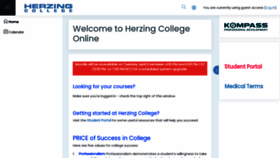 What Online.herzing.ca website looked like in 2021 (3 years ago)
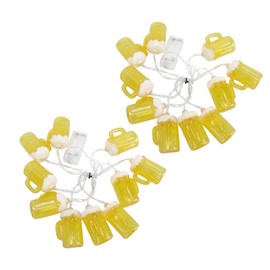 2pcs Beer String Lights 6.5ft 10LED Holiday Party Decorative String Lights for Indoor Outdoor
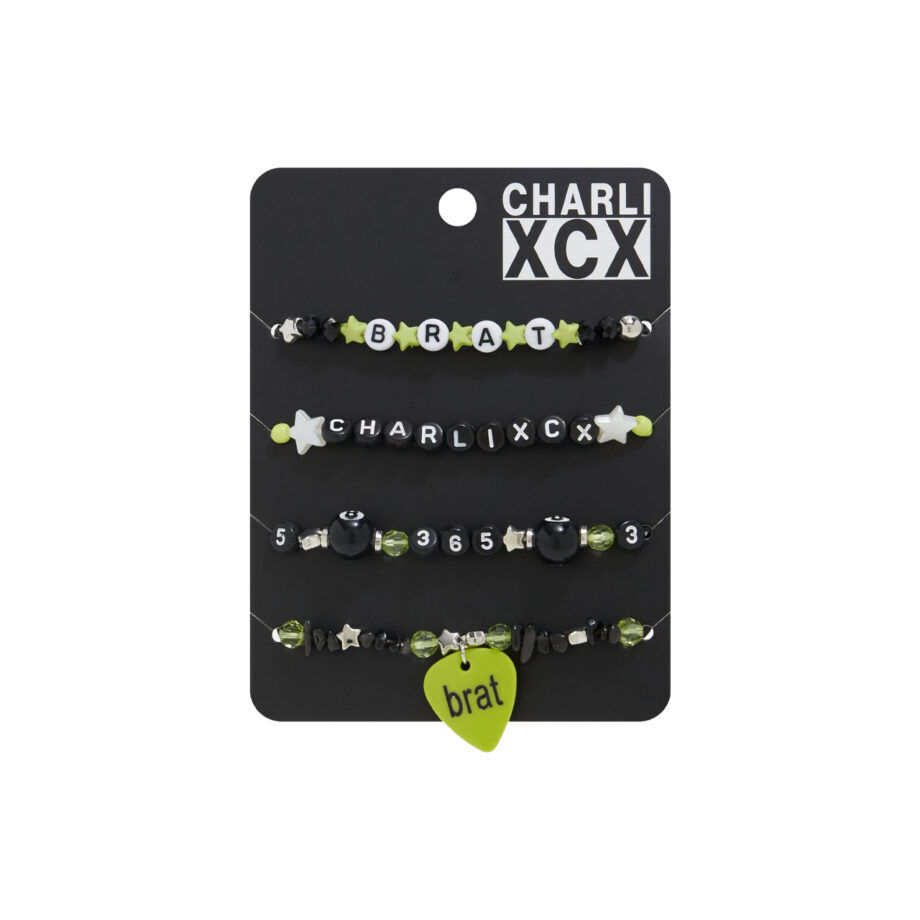 Charli Xcx Brat Bracelet Set Jewelry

PROBLEM STATEMENT
Copy all the material above exactly, but skip each image.

SOLUTION
 What Online.herzing.ca website looked like in 2021 (3 years ago)
 2pcs Beer String Lights 6.5ft 10LED Holiday Party Decorative String Lights for Indoor Outdoor
 Charli Xcx Brat Bracelet Set Jewelry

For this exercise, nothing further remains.